A completely reedited version produced in conjunction with BBC Four, consisting of 9 50-minute episodes, began airing in the UK on November 22, 2019.

Music
The TV series presented country music from its earliest stars, such as the Carter Family, and Jimmie Rodgers, followed by influential singers of the likes of Hank Williams, through to notable acts of the second half of the 20th century such as Johnny Cash, Willie Nelson and Dolly Parton, finishing in the 1990s. A  five-CD soundtrack album of selected highlights of songs featured in the show, Country Music: A Film By Ken Burns, was released. The five-CD box-set was released on August 30, 2019 before the show aired, followed by two-CD, two-LP and digital versions released on September 13. It reached No. 1 on Billboard's Soundtrack Album Sales chart. It has sold 39,100 copies in the United States as of March 2020.

In support of the release of the miniseries, Bank of America produced a video of the song "Wagon Wheel", featuring a collection of musicians from across the United States, with the tag line "Nothing connects the country like country."

Release

Home media
The film was released through PBS in the United States on Blu-ray disc and DVD on September 17, 2019.
The series debuted at No. 6 on the Music Video Sales chart the week of September 28, 2019 climbing to No. 1 the following week, staying at the top position for eleven consecutive weeks. 

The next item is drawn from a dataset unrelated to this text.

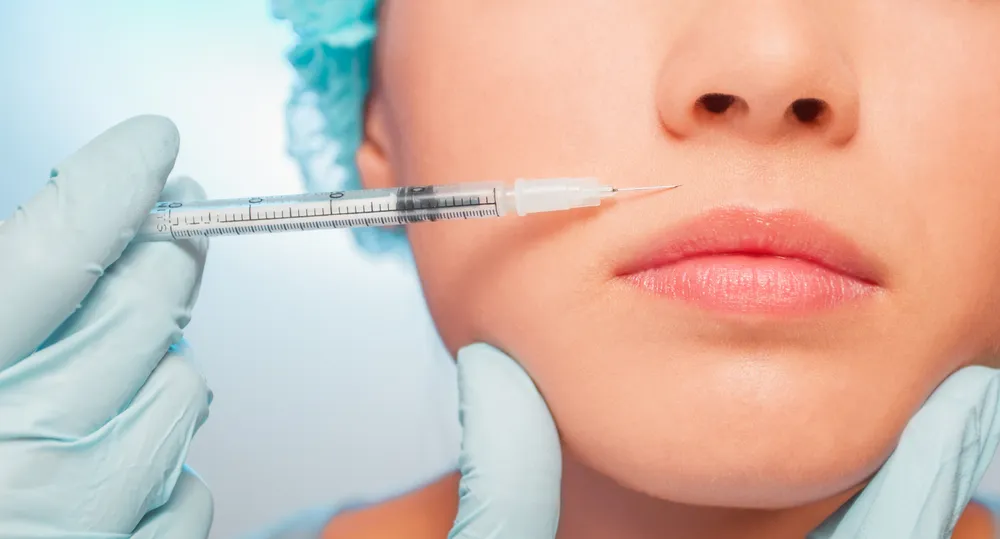 Enquête : qu’y a-t-il dans les produits injectables de comblement ?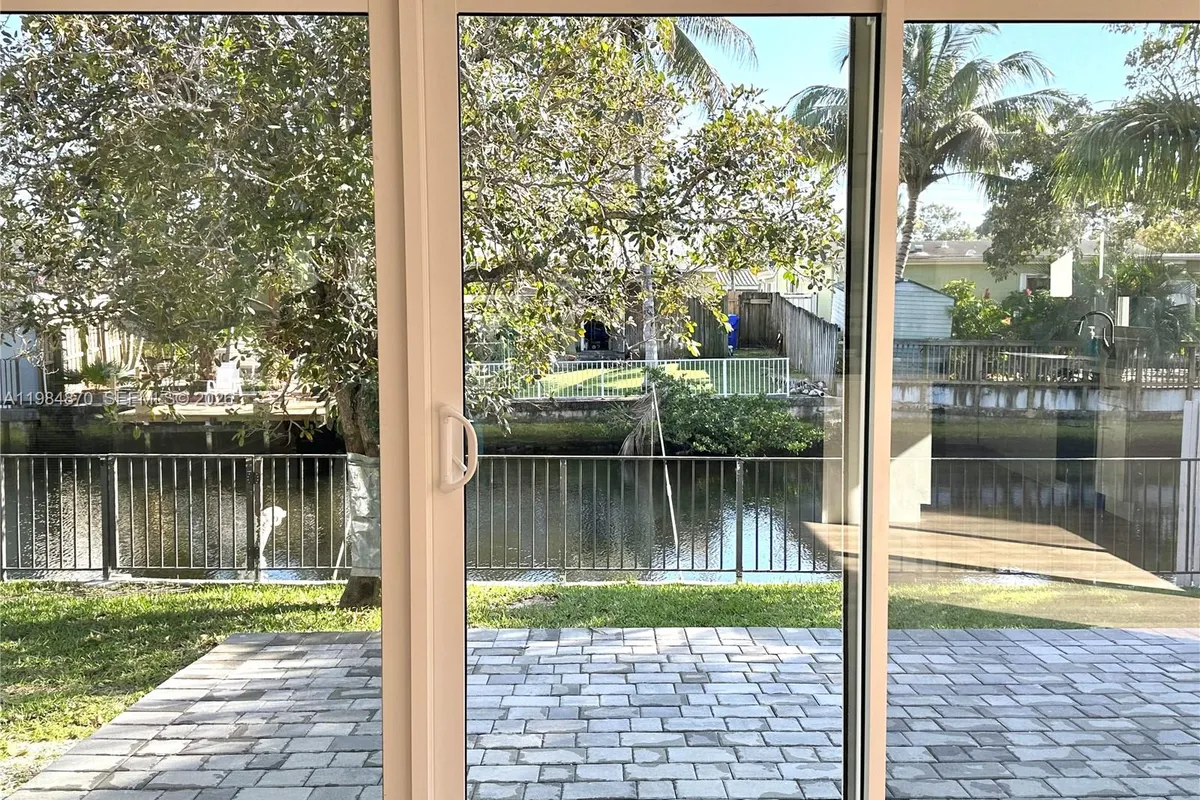 3042 Hayes St, Hollywood FL 33021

The 8-disc DVD/Blu-ray release of the documentary series also includes interviews from a large number of outtakes made by Burns during the production of the film. The biographical outtakes by various artists are featured on the special features of each of the three disc in the DVD release of the miniseries.

Soundtrack

Episodes

Reception 
Country Music has received generally positive reviews from television critics. Review aggregator site Rotten Tomatoes gave the series an 84% fresh rating, based on 22 reviews. The aggregator consensus states the series "an expansive—if not always deep—history of the genre as seen through Ken Burns' expert eye, Country Music works as both a crash course for new listeners and a refresher for old-timers."

David Cantwell of The New Yorker wrote, "What the documentary gets right overwhelms the caveats. Burns' chief takeaway from his immersion in the genre is spot on: country music is not, and has never been, static." David Fear of Rolling Stone wrote, "Most of all, this epic, essential survey (which premieres on September 15th) is both a history lesson of an American art form and 20th century U.S.A. itself. Like Burns' 2001 deep dive Jazz, it puts the music's cultural and geographic roots front and center." Will Hermes of Rolling Stone wrote, "The most ambitious, culturally resonant music documentary ever made."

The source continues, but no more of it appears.